I recently tried to setup torchsparse configuration accroding the repo, and I want to share my experience setting it up β€” in case it helps others β€” and also to ask the community if anyone has a better way to handle this.

🧠 The Goal

I wanted to build and use torchsparse with GPU acceleration, because the project heavily relies on point cloud processing and performance is critical.
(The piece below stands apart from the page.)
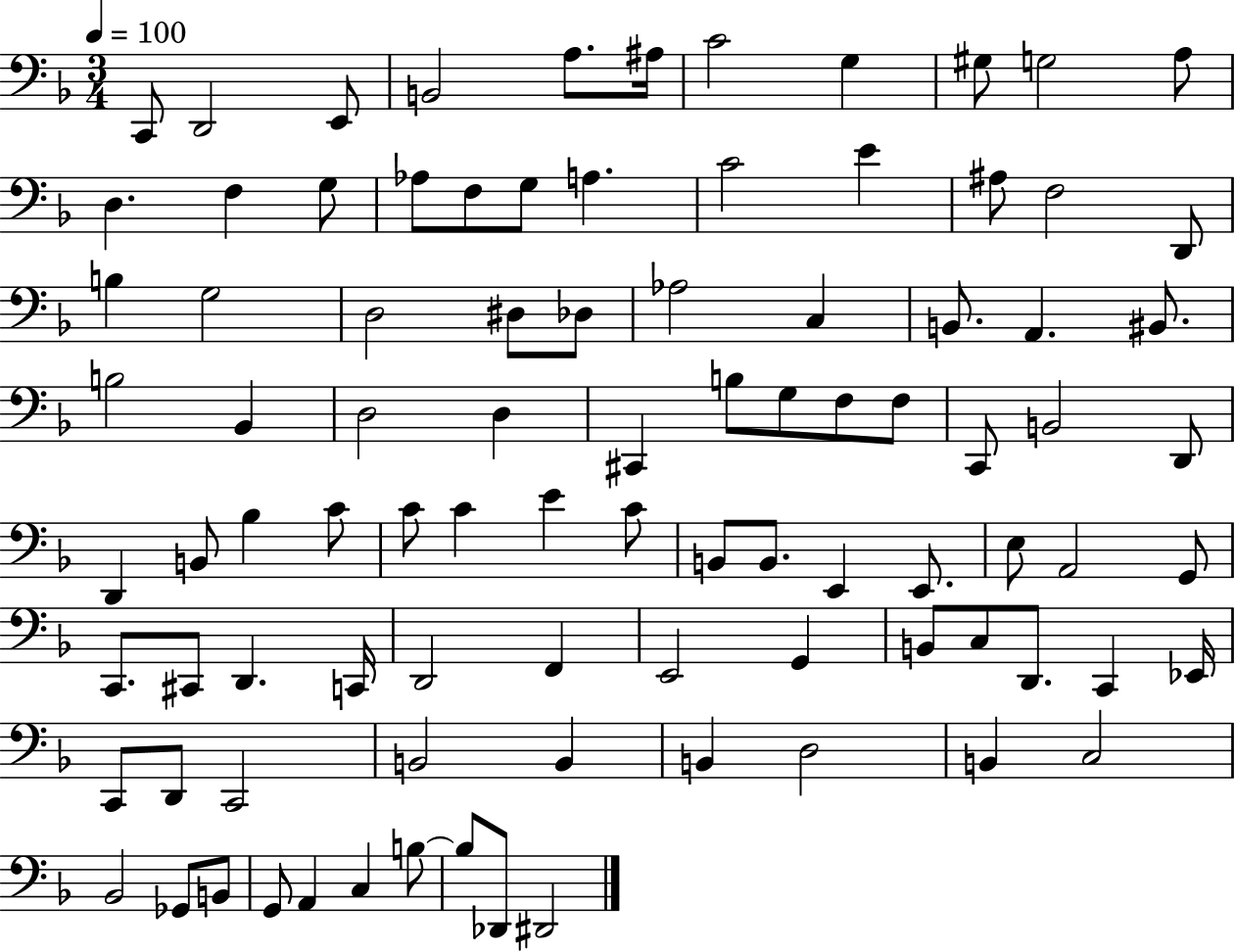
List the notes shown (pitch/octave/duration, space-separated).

However, I faced a long and frustrating journey of dependency hell, compilation errors, and CUDA version mismatches.


1️⃣ Initial Setup (That Failed)

My initial environment looked like this:

- OS: Ubuntu 22.04
- Python: 3.11
- PyTorch: 2.4.0
- CUDA: 12.1 (System-installed)

I tried installing torchsparse using:

pip install git+https://github.com/mit-han-lab/torchsparse.git

This failed with the following errors:

<command-line>: fatal error: cuda_runtime.h: No such file or directory
compilation terminated.

Digging into it further, I realized:

  • torchsparse officially supports only Python ≀ 3.10, PyTorch ≀ 2.0.x, and CUDA 11.x
  • My setup had newer versions across the board, leading to a chain of problems

2️⃣ Major Issues Encountered

πŸ”₯ 2.1 Compatibility Matrix Explosion

Component My Version Required by TorchSparse
Python 3.11 ≀ 3.10
PyTorch 2.4.0 1.13.1 – 2.0.x
CUDA 12.1 11.1 – 11.8
GCC 13.3.0 CUDA 11.8 only supports up to GCC 11

So, out of the box, nothing aligned with what torchsparse expected.
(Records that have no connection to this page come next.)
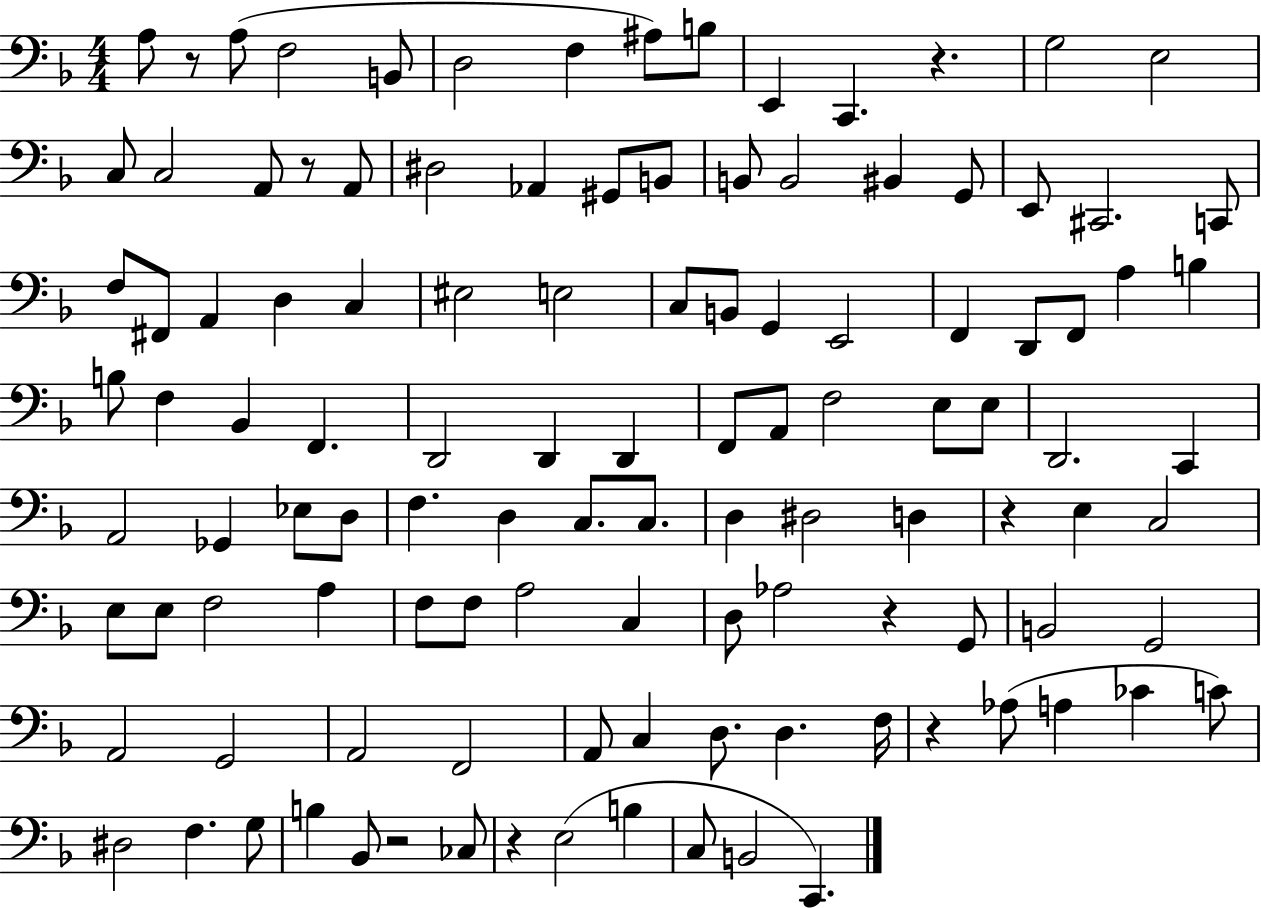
X:1
T:Untitled
M:4/4
L:1/4
K:F
A,/2 z/2 A,/2 F,2 B,,/2 D,2 F, ^A,/2 B,/2 E,, C,, z G,2 E,2 C,/2 C,2 A,,/2 z/2 A,,/2 ^D,2 _A,, ^G,,/2 B,,/2 B,,/2 B,,2 ^B,, G,,/2 E,,/2 ^C,,2 C,,/2 F,/2 ^F,,/2 A,, D, C, ^E,2 E,2 C,/2 B,,/2 G,, E,,2 F,, D,,/2 F,,/2 A, B, B,/2 F, _B,, F,, D,,2 D,, D,, F,,/2 A,,/2 F,2 E,/2 E,/2 D,,2 C,, A,,2 _G,, _E,/2 D,/2 F, D, C,/2 C,/2 D, ^D,2 D, z E, C,2 E,/2 E,/2 F,2 A, F,/2 F,/2 A,2 C, D,/2 _A,2 z G,,/2 B,,2 G,,2 A,,2 G,,2 A,,2 F,,2 A,,/2 C, D,/2 D, F,/4 z _A,/2 A, _C C/2 ^D,2 F, G,/2 B, _B,,/2 z2 _C,/2 z E,2 B, C,/2 B,,2 C,,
🧱 2.2 Missing CUDA Headers

The compiler failed to locate:

  • cuda_runtime.h
  • cuda_fp8.hpp

Despite having nvcc in the path, it turned out that:

  • My system CUDA was incorrectly linked
  • Conda environment CUDA paths weren’t being picked up by the build system

I later found that /usr/local/cuda/bin/nvcc was actually a symbolic link pointing into my conda environment, which further confused everything.


⚠️ 2.3 CUDA + GCC Incompatibility

Even after manually setting CUDA_HOME and CPATH, I was still getting macro-related compile errors like:

missing binary operator before token "("
(__CUDA_ARCH_HAS_FEATURE__(SM100_ALL)) || ...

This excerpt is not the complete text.